Le bonheur.

Le bonheur dans le goût des choses les plus simples, dans la recherche de la beauté, celle qui pousse, celle qui vole, celle qui chante, celle qui est parfumée, le bonheur dans la force qui porte les branches des platanes comme des bras de titans, le bonheur dans la folle joie du printemps, le bonheur dans la beauté qui s’ignore, le bonheur dans le sommeil de l’hiver et les furies de novembre. Le bonheur dans la biche à l’orée du bois, dans le renard marchant sans bruit dans le pré à l’aube, dans le vol furtif de la chouette, cette nuit. Le bonheur dans la lune renouvelée, dans le tissu des étoiles, dans le bleu de l’azur sans fin.

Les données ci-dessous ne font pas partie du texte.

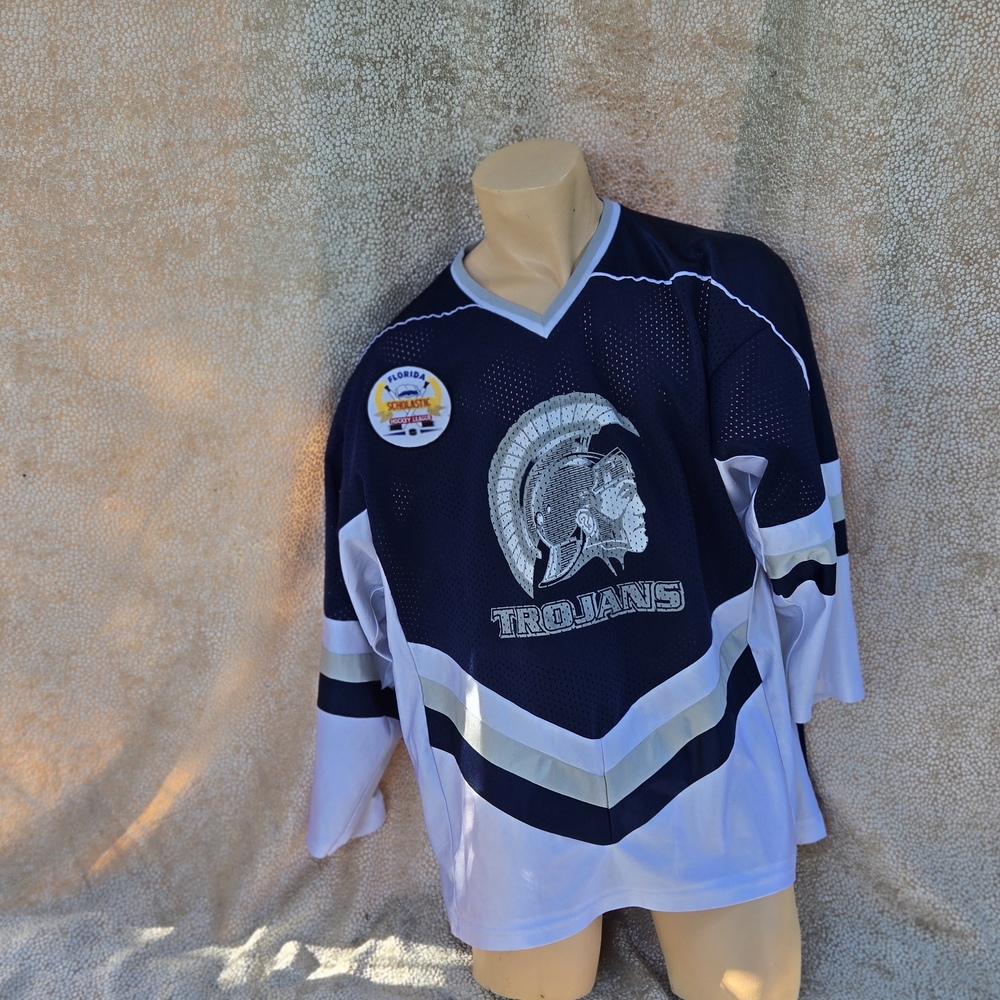 Trojan Navy and White Men's Jersey 383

Le bonheur dans le pain, les fruits, le miel. Le bonheur dans ce qui vit, ce qui respire, dans le souffle ultramarin des baleines, et dans leur chant mélancolique. Le bonheur dans l’eau du ruisseau qui emplit ma paume, et dans la pluie qui lave tout. Le bonheur dans la mélodie d’un rossignol qui appelle sa belle, dans l’haleine du sanglier qui s’est échappé, dans la vie.

Le bonheur dans l’admiration de la beauté créée, de la beauté donnée, du grand, du formidable, du don du peintre tout entier à son art, de la bénédiction du sculpteur et dans le miracle de la musique et de la beauté abstraite des sons. Le bonheur dans la silhouette de Notre-Dame dressée sur l’éperon de son navire, dans la flèche légère de la Sainte-Chapelle, dans les arcs rouges et ocres, et le Mihrab soyeux de la Grande Mosquée, dans le miracle des paysages, dans les montagnes posées sur l’eau, dans le frisson de la forêt parcourue par le vent, dans les vagues toujours recommencées, dans les ruines qui résistent au sable des jours, dans la pierre taillée. Le bonheur dans le papier et l’encre, dans la couleur, dans la toile, et dans la pensée qui y dépose des images, le bonheur dans l’inspiration et le souffle.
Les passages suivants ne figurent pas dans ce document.